Services are following the least-access principle. A service cannot access anything that is outside of the service naming convention. Services can access buckets with their naming pattern, they can access db with their name on it, etc. Services cannot talk to services they have not been configured to access or any other cloud resource that is not in the architectural pattern.

The PAAS implementation

Now that we have the boundaries established. We wanted to allow engineers an easy way to add/mutate infra.

The choice was to NOT have engineers write any terraform, but terraform should be used to make sure the entire environment is configured as code.

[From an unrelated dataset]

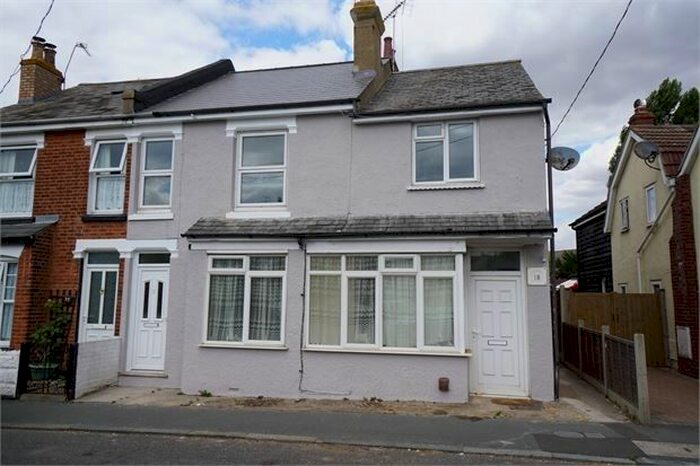 1 Bedroom Flat To Rent In Station Road, Brightlingsea, CO7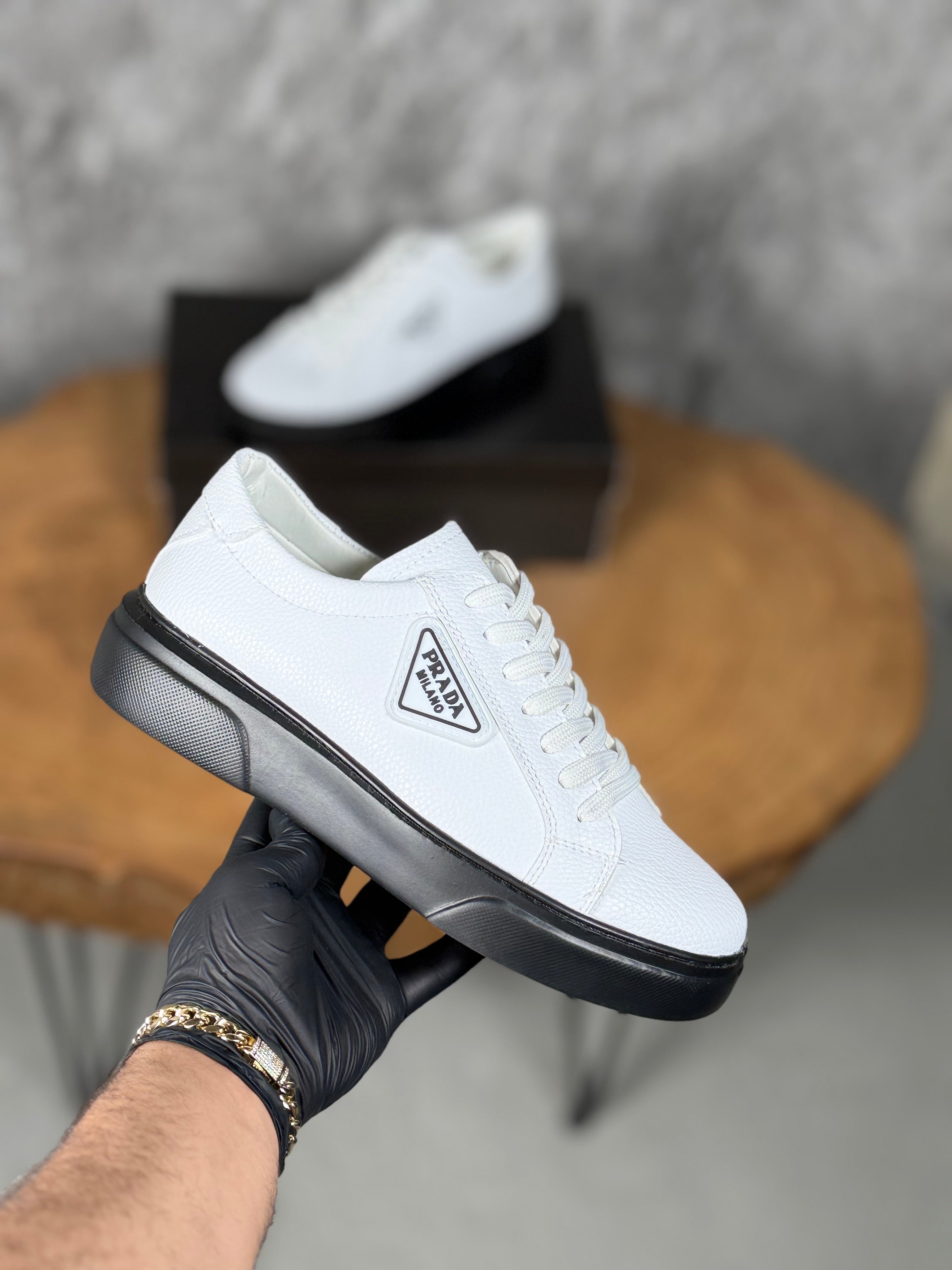 PRADA CASUAL MODEL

What we built is a JSON DSL that looks like this:

{
  "service_type": "safari-service",
  "tier": "backend",
  "name": "fake-name-service",
  "responsible_teams": [
    "REDACTED"
  ],
  "github": {
    "description": "Fake Name Service",
    "topics": []
  },
  "resources": {
    "cpu": 1024,
    "memory": 1024
  },
  "auto_scaling": {
    "up_threshold": 8,
    "up_step": 4,
    "up_cooldown": 30,
    "down_cooldown": 120,
    "down_threshold": 5,
    "down_step": -2,
    "min_capacity": 8,
    "max_capacity": 50
  },
  "databases": [
    {
      "type": "postgres",
      "instance_class": "db.m5.large",
      "storage": "100"
    }
  ]
},
  • service_type defined the type (product) of the service.
  • tier is the network tier in which the service “sits”. We have a 4 tier network that is private by default and can only reach one level deep at a time.
  • responsible_teams who will get alerted about this? Alerts for the service automatically goes to the team channel, oncall (L1), and SRE.
  • auto_scaling as mentioned above, you can set the auto scaling for your HTTP service, how much will it scale, at which point, etc.
  • resources CPU and memory resources
  • databases which DB should this be using

All of these have sane defaults, you do not have to define almost anything except the service name and responsible teams.

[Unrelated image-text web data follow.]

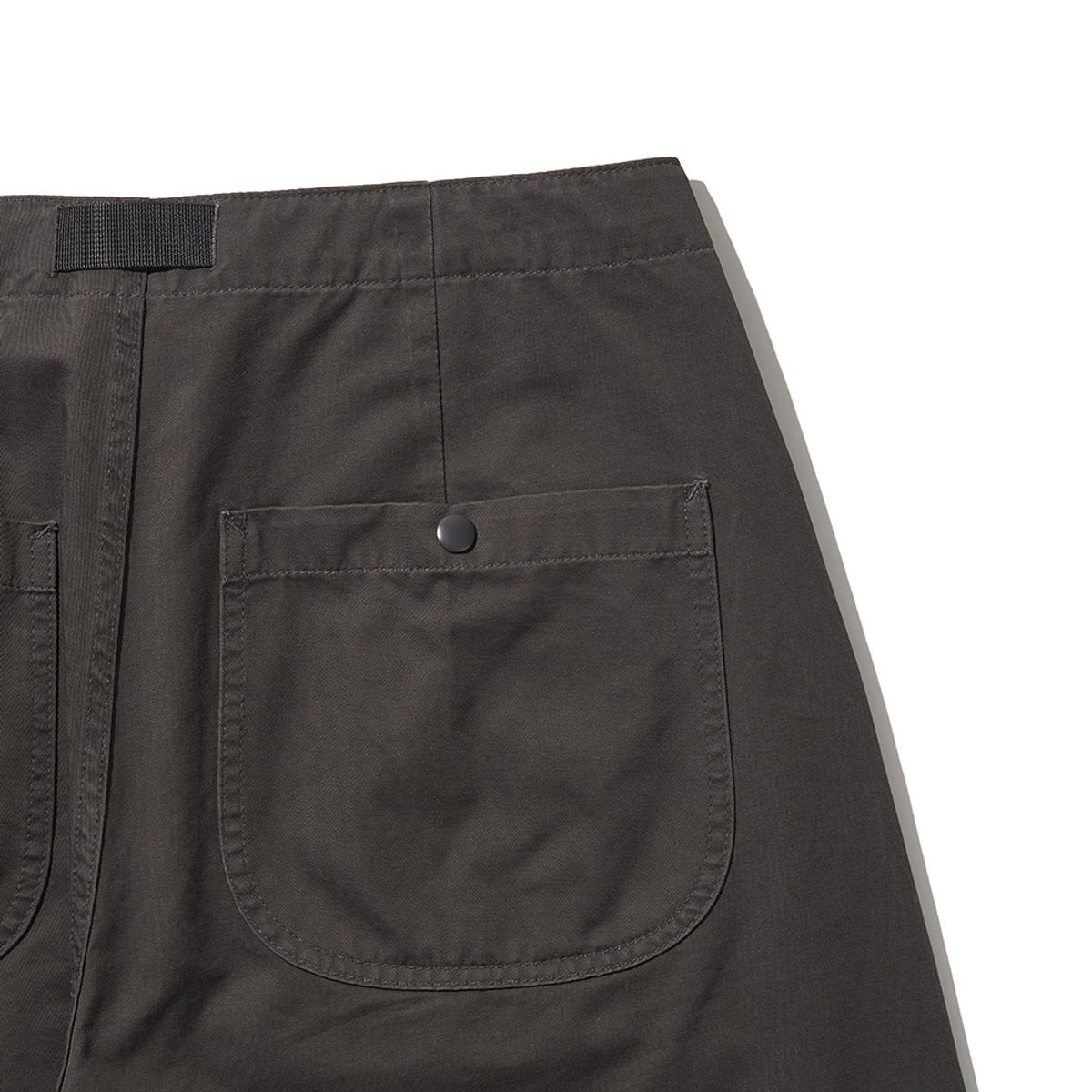 히즈핸더(HISHANDER) BELTED WIDE CHINO PANTS [Grey]
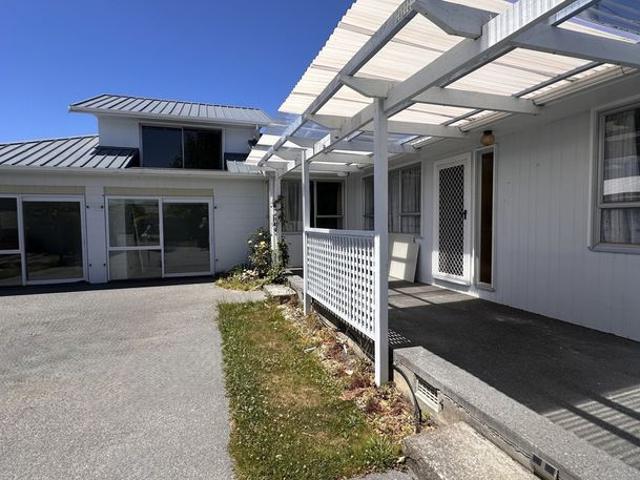 House for rent in Chaslands, Canterbury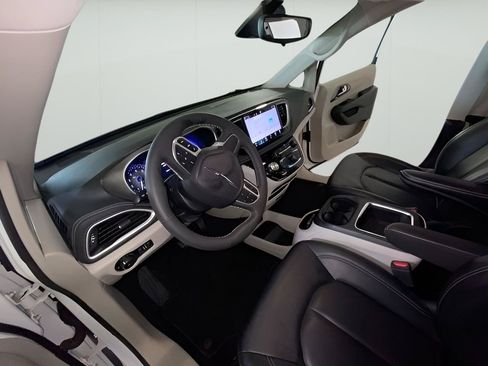 Used 2023 Chrysler Pacifica Touring-L AWD/4WD image 31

Once you commit this, it will generate terraform, create repos, generate build templates, docker, etc. You are now ready to write code.

For completeness, here’s how you’d define a worker:

{
  "service_type": "safari-worker",
  "tier": "worker",
  "name": "fake-name-worker",
  "responsible_teams": [
    "REDACTED"
  ],
  "github": {
    "description": "Fake Name Worker",
    "topics": []
  },
  "resources": {
    "memory": 512
  },
  "delay_seconds": 60,
  "max_receive_count": 10,
  "pubsub": [
    {
      "topic_type": "global",
      "filter_policy": [
        "something.create",
        "something.update"
      ]
    }
  ],
  "visibility_timeout_seconds": 1200
},

Notice you do not define the queue name, this is the convention that I mentioned above. The queue name is defined by default

You can tweak timeouts, retries, etc.

Once you write and commit code, it will deploy. It’s that simple.

You can create a service and publish it to production in under 20 minutes.

Quick thoughts

Obviously, there’s a lot more to it than mentioned in this post, but I wanted to explain a bit about how we enable the business using technology and build a platform that will scale with the organization without creating bottlenecks or OPS/SRE.